La nouvelle donna lieu à une explosion de colère de la part des pays de l’Est : M. Zorine,  avec une véhémence que ses précédentes interventions n’avaient pas encore connue, prononça un réquisitoire très violent contre Dag Hammarskjöld et l’ONU : selon, lui, « l’assassinat » de M. Lumumba avait eu lieu « sous l’égide du drapeau bleu de l’Organisation des Nations Unies au Congo », Hammarskjöld a agi selon les intérêts des ennemis du Congo : colonialiste belges et autres.
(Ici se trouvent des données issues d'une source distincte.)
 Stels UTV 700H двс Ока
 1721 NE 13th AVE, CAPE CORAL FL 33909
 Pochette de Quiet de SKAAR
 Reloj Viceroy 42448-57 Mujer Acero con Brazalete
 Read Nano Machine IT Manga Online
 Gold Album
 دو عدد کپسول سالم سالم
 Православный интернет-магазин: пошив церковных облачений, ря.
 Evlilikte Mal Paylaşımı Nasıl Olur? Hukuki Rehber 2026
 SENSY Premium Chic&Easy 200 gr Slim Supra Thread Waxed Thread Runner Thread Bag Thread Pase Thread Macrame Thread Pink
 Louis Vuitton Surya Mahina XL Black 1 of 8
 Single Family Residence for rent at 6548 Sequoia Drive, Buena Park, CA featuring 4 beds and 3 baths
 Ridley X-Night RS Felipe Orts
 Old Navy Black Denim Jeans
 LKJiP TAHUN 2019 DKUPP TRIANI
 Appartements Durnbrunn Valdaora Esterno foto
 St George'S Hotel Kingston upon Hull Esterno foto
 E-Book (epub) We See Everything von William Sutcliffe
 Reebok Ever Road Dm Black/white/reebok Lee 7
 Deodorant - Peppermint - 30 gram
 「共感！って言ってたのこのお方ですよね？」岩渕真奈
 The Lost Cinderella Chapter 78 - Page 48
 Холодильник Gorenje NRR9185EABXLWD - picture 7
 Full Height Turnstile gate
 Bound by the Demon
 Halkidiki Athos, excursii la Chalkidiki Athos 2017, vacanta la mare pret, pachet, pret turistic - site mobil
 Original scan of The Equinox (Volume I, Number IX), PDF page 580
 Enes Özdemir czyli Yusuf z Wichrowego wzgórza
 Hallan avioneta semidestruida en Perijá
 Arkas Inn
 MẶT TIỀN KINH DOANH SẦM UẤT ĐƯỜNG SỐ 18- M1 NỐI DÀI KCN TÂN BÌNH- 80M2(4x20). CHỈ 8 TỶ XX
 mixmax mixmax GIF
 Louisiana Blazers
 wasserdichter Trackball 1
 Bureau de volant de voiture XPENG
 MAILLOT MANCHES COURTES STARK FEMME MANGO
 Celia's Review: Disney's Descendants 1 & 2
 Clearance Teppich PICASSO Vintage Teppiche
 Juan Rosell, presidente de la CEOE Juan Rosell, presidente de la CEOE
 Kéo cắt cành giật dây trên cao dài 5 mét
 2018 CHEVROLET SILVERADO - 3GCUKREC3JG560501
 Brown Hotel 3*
Toute la ligne de conduite de Hammarskjöld à l’égard du gouvernement légitime de Patrice Lumumba, à la demande duquel les troupes de l’ONU ont été envoyées au Congo, a consisté, du début jusqu’à la fin, à trahir ignoblement les intérêts du peuple congolais, les principes de l’ONU et les principes élémentaires de l’honnêteté et de l’honneur. Sous une fausse apparence d’impartialité, le secrétaire général aidé les colonialistes à démembrer et désorganiser l’Etat congolais, à armer les mercenaires étrangers et les bourreaux. » En conséquence, « Dag Hammarskjöld doit être révoqué de ses foncions de secrétaire général en tant que complice et organisateur de l’exécution sommaire des personnalités dirigeantes de la République du Congo, acte qui a souillé le nom de l’ONU ». Le Gouvernement soviétique ajoutait, qu’à titre conservatoire, il n’entretiendrait plus aucune relation avec M. Hammarskjöld et ne le reconnaitrait pas une comme fonctionnaire de l’ONU.